Objective. No data are available on the effects of SARS-CoV2 infection in patients with celiac disease (CD) in terms of development of related symptoms and antibodies. We aimed to investigate the impact of SARS-CoV2 infection in CD. Design. During lockdown (March-May 2020), celiac patients living in Milano were interviewed about the development of COVID-19 resembling symptoms, adherence to an anti-virus lifestyle and gluten-free diet (GFD), and were asked to reply to a stress questionnaire. The development of anti SARSCoV2 IgG and IgA (anti RBD and N proteins) and the expression of duodenal ACE2 receptor were also investigated. Whenever available, duodenal histology, anti-tissue transglutaminase IgA (tTGA), immunologic comorbidities and GFD adherence were analyzed as possible risk factors. Results. 362 celiac patients have been interviewed and 42 (11%) reported COVID-19 resembling symptoms. The presence of symptoms was not influenced by positivity of tTGA, presence of duodenal atrophy or adherence to GFD. 37% of symptomatic patients showed anti SARS-CoV2 Immunoglobulins (Ig).
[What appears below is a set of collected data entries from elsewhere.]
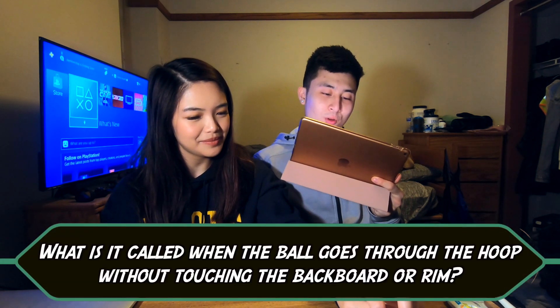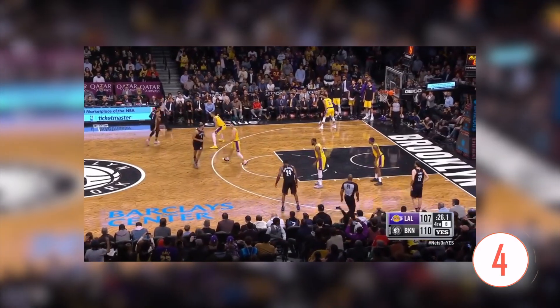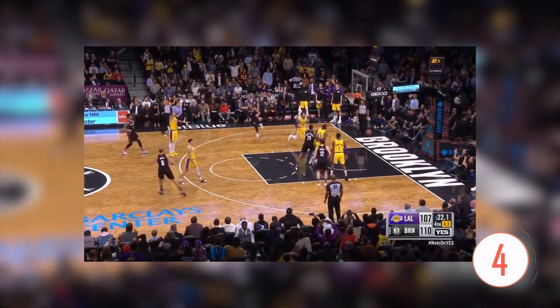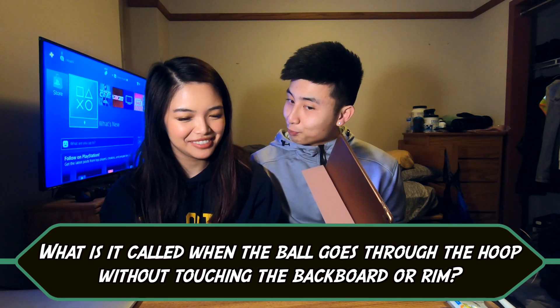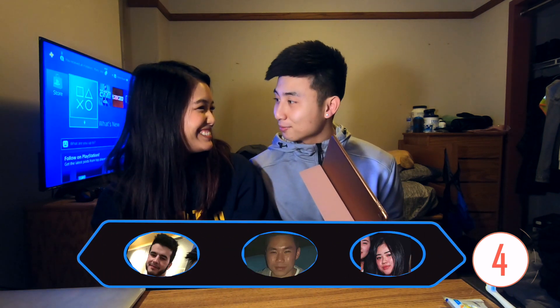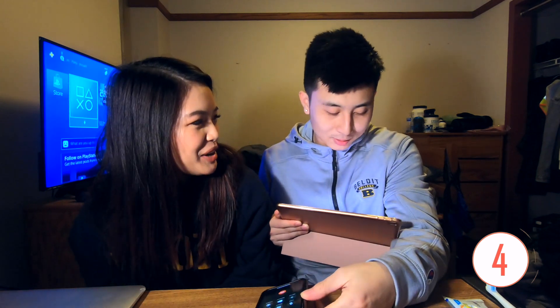Question six: What is it called when the ball goes through the hoop without touching the backboard or rim? A basketball clip plays. Jenny uses her last lifeline — a 'phone a friend' — and calls Matt, who immediately answers 'swish.' Jenny says she's never heard of that term.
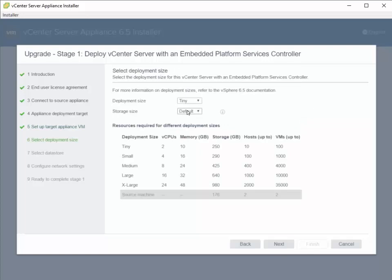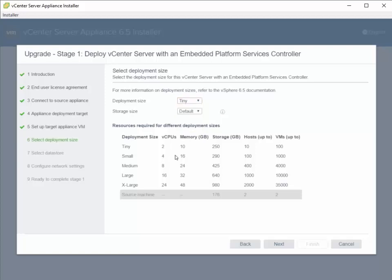We need to choose an accurate deployment size. This is an important step because in stage one we're just prepping for stage 2, where we'll copy all configuration settings, logs, and relevant information from the source to the destination vCenter appliance. If the destination appliance is smaller than the source, you'll run into issues. My vCenter deployment has 4 CPUs and 16 gigs of memory, so I'll select the small deployment.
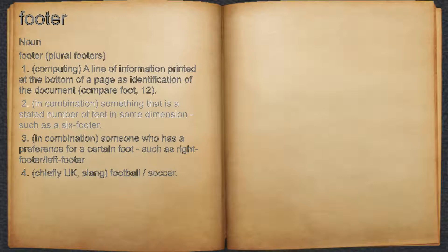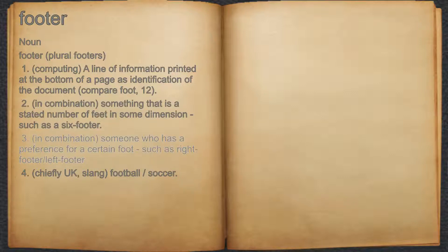2. In combination: something that is a stated number of feet in some dimension, such as a six-footer. 3. In combination: someone who has a preference for a certain foot, such as right-footer or left-footer.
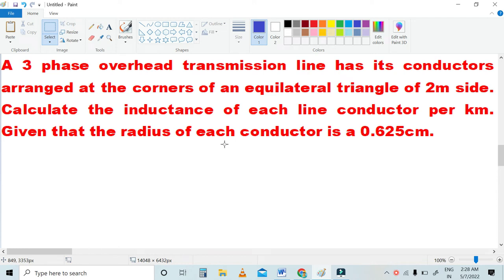Hi friends, welcome to our channel. In this video, we will talk about transmission line parameters in symmetrical spacing — specifically, a three-phase overhead transmission line with the inductance value calculated.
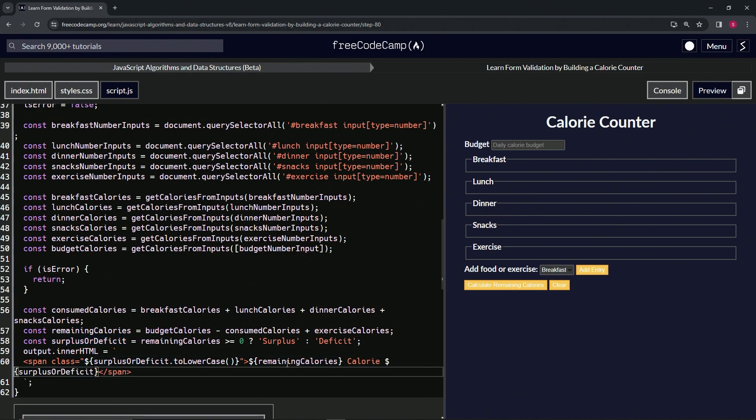Basically what this is going to do, it'll say like 20 calorie surplus or it'll say like 50 calorie deficit, or whatever the case may be.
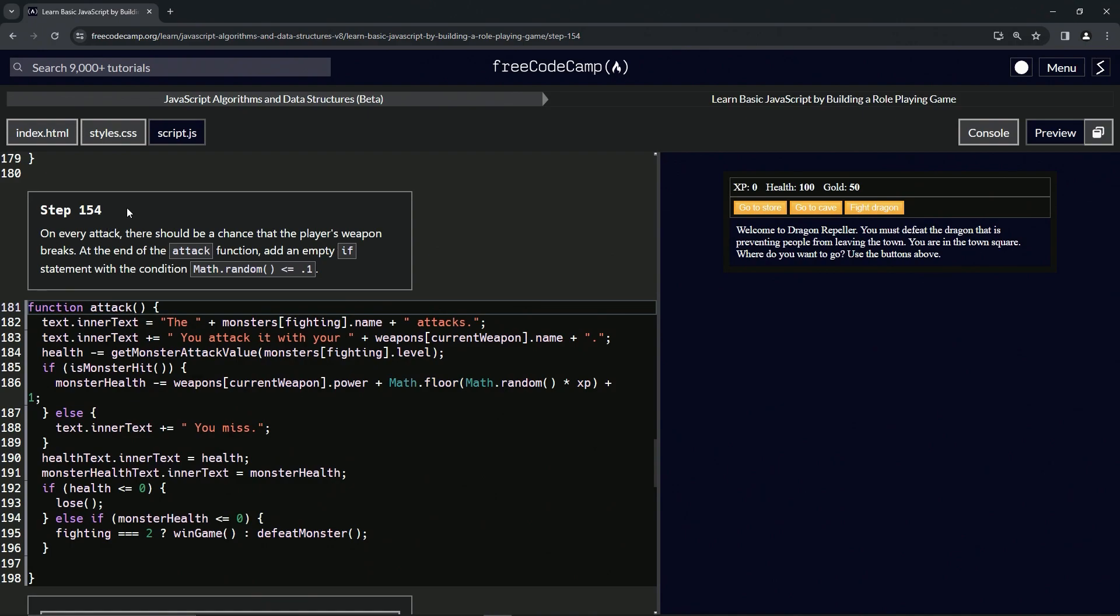All right. So on every attack, there should be a chance that the player's weapon breaks. At the end of the attack function, we're going to add an empty if statement with the condition math.random is less than or equal to 0.1. So there's a 10% chance of breaking the weapon every swing.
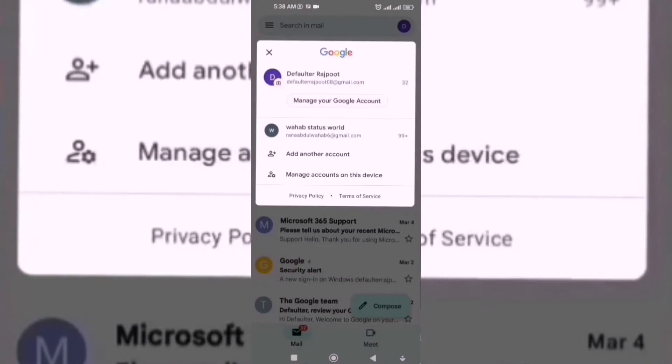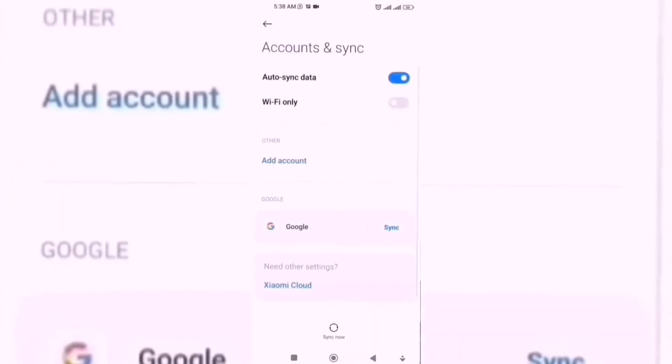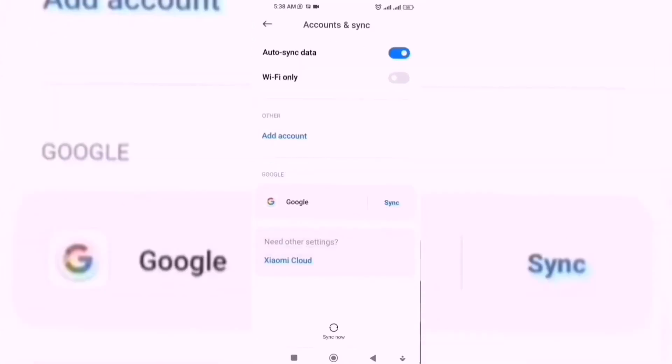Manage accounts on this device. You have to click on this option. Now we are going to Google.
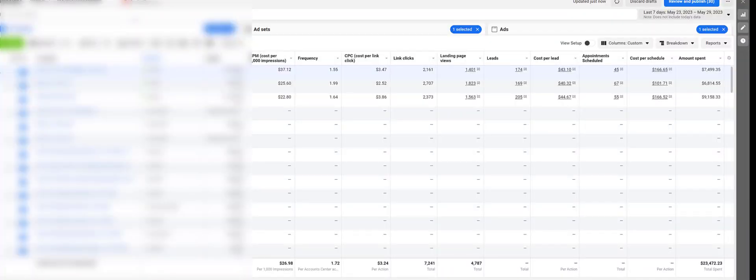Now, looking at my screen, you can see we've generated in the last seven days 548 leads for a grand total of $23,472. Now, this client converts about 4 to 5% of these into sales, leads into sales.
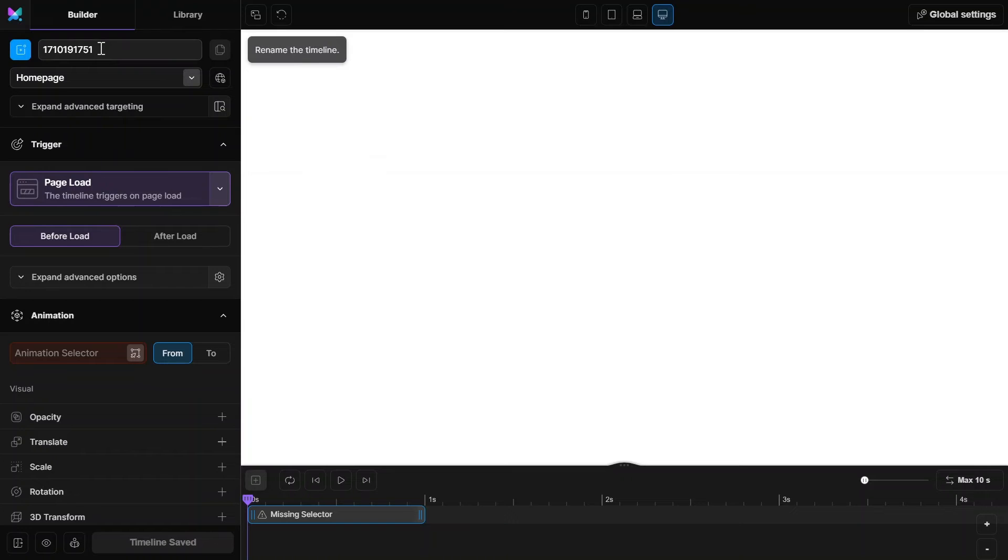Now let's open motion page again and create a new timeline. Give it a name and select the page.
Globally, 18% of celiac patients had anti SARS-CoV2 Ig vs 25% of non-celiac controls (p=0.18). Levels of anti RBD IgG/IgA and anti N IgG did not differ from non-celiac controls. Celiac patients had significantly lower levels of anti N IgA. ACE2 receptor was detected in the non-atrophic duodenal mucosa of celiac patients;atrophy was associated with a weaker expression of ACE2 receptor. Conclusion. CD patients show an anti SARS-CoV2 Ig positivity/profile similar to non-celiac controls, except for anti-N IgA. Main celiac biomarkers and adherence to the GFD do not influence the development of different antibody profiles.